# Rats Scared of Sudden Movement



## fera (Dec 10, 2015)

I've had my rats for I think about 3 months, and they were very scared of being handled at all in the beginning. With a lot of patience, they now take treats from my hand, don't mind being picked up (too much), have no problem climbing all over me, and even let me pet them occasionally. Yet during roam time, they still get easily startled unless I move quite slowly. Is this due to the poor eyesight? Or are they simply still quite nervous? Is this behaviour gonna diminish as they get older?

I just feel bad that i'm startling them so easily


----------



## Gribouilli (Dec 25, 2015)

Rats have very poor eyesight (albino even poorer) but they have a very strong detection of movement, much better than ours. So to answer your question, they are probably still a bit nervous. In nature movement, especially fast movement means danger. Do you have other pets they could be afraid of? Children?It seems like you made good progress since you got them. It will get better. May I ask where you got them from?


----------



## fera (Dec 10, 2015)

Gribouilli said:


> Rats have very poor eyesight (albino even poorer) but they have a very strong detection of movement, much better than ours. So to answer your question, they are probably still a bit nervous. In nature movement, especially fast movement means danger. Do you have other pets they could be afraid of? Children?It seems like you made good progress since you got them. It will get better. May I ask where you got them from?

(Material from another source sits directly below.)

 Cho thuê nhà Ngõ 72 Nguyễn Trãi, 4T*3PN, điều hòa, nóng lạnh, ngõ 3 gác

I have a small dog, though they don't seem afraid of him at all, they often come up close to the bars of the cage to look at him and sniff him. I got them from a pet shop (there are no breeders in my area) and I'm pretty sure they were meant to be feeder rats, which in fact may explain why they were quite nervous


----------



## Gribouilli (Dec 25, 2015)

They might seem curious of your dog but while they are in their cage they know they are safe. It is possible that once outside of their cage they are not so keen about potentially meeting your dog...even if your dog is not around they still smell him. But yea since they are pet store rats, it is not surprising that they would be easily scared and startled. You are making good progress though. Try to move slowly for now, and in time they will stop being startled even if you move quickly.


----------



## fera (Dec 10, 2015)

Gribouilli said:


> They might seem curious of your dog but while they are in their cage they know they are safe. It is possible that once outside of their cage they are not so keen about potentially meeting your dog...even if your dog is not around they still smell him. But yea since they are pet store rats, it is not surprising that they would be easily scared and startled. You are making good progress though. Try to move slowly for now, and in time they will stop being startled even if you move quickly.


Okay, thank you! They are still incredibly more relaxed around me than they were when i first got them


----------



## Gribouilli (Dec 25, 2015)

Then it is a very good sign. You are doing very well


----------